What do we really know about the impact of ICTs on learning?

knowledgemaps.jpg I’ve just been reading the latest of the Knowledge Maps series from InfoDev, titled KnowledgeMaps: ICT in Education – the objective of the work being to create a “Knowledge Map” of what is known – and what isn’t – about information and communication technology (ICT) use in education. The report makes for sobering reading – and should be of interest to anyone with a research interest in this area, for there are many pointers here to areas that would make for a worthwhile research focus.

The report provides a summary of “what is known” in ten topics that are then grouped into four themes. In the area relating to what is known about the impact of ICT in education the following summary is made:

  • The impact of ICT use on learning outcomes is unclear, and open to much debate.

  • There is an absence of widely accepted standard methodologies and indicators to assess impact of ICTs in education.
  • There is a disconnect between the rationales most often put forward to advance the use of ICTs in education (to introduce new teaching and learning practices and to foster 21st century thinking and learning skills) and their actual implementation (predominantly for use in computer literacy and dissemination of learning materials).

The report writers go on to say that the review of the research on impacts of ICTs on student achievement yields few conclusive statements, pro or contra, about the use of ICTs in education. For every study that cites significant positive impact, another study finds little or no such positive impact. The writers also point out that many studies that find positive impacts of ICTs on student learning rely (to an often uncomfortable degree) on self-reporting (which may be open to a variety of positive biases).

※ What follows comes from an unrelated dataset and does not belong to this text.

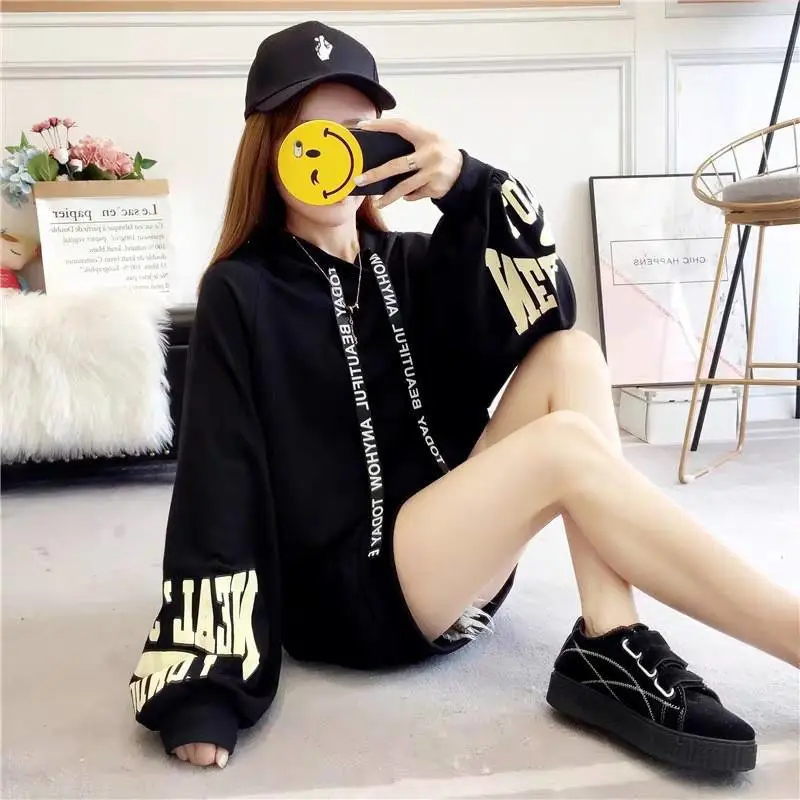 甘肃陇南女款韩版卫衣昆明2元服装批发女士秋装长袖T恤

As the footnote to each paper warns, the Knowledge Maps are not meant to be an exhaustive catalog of every- thing that is known (or has been debated) about the use of ICTs in education in a particular topic; rather, taken together they are an attempt to summarize and give shape to a very large body of knowledge and to highlight certain issues in a format quickly accessible to busy policymakers. They are intended to serve as quick snapshots of what the research literature reveals in a number of key areas and are not meant to be an exhaustive catalog of everything that is known (or has been debated) about the use of ICTs in education in a particular topic.

Read with this in mind this compilation of papers will benefit anyone getting into the field of research about the use of ICTs in education, or anyone who is involved in the formulation of policy at a local or national level.

2 Responses to What do we really know about the impact of ICTs on learning?

  1. Dave Winter says:

    The lack of certainty here is a bit of a mute point to me as “the technology” doesn’t ask if we are learning. It just allows as to read, see, interact, discuss, reflect yada yada yada. Robert Sylvester talks about tech as an extension of the brain etc. I agree with him here.To me technology “just is”. My guess is that people have the opportunity to improve learning, deep learning and operacy etc (using tech). Let’s hope our Education systems and communities help this to happen.

  2. Ken Allan says:

    Dear Derek,
    your focus on what we really know about the impact of ICTs on learning has many facets that are still to be explored and yet the outcomes of the type that may be significant are to be found in several areas of training and subsequent learning that have been observable for years. If we use the term ICT in its broadest sense then flight simulators used extensively in the training of pilots and car simulators used to train drivers would certainly be included. The cognitive fidelity of those has been matched to reality with a high degree of precision and the outcomes of their success in terms of the development of the accomplished operational judgement of the learner are implicit. Clearly such degrees of learning have never been recorded as having been achieved from manuals, face to face dicussions, diagrams or pictures.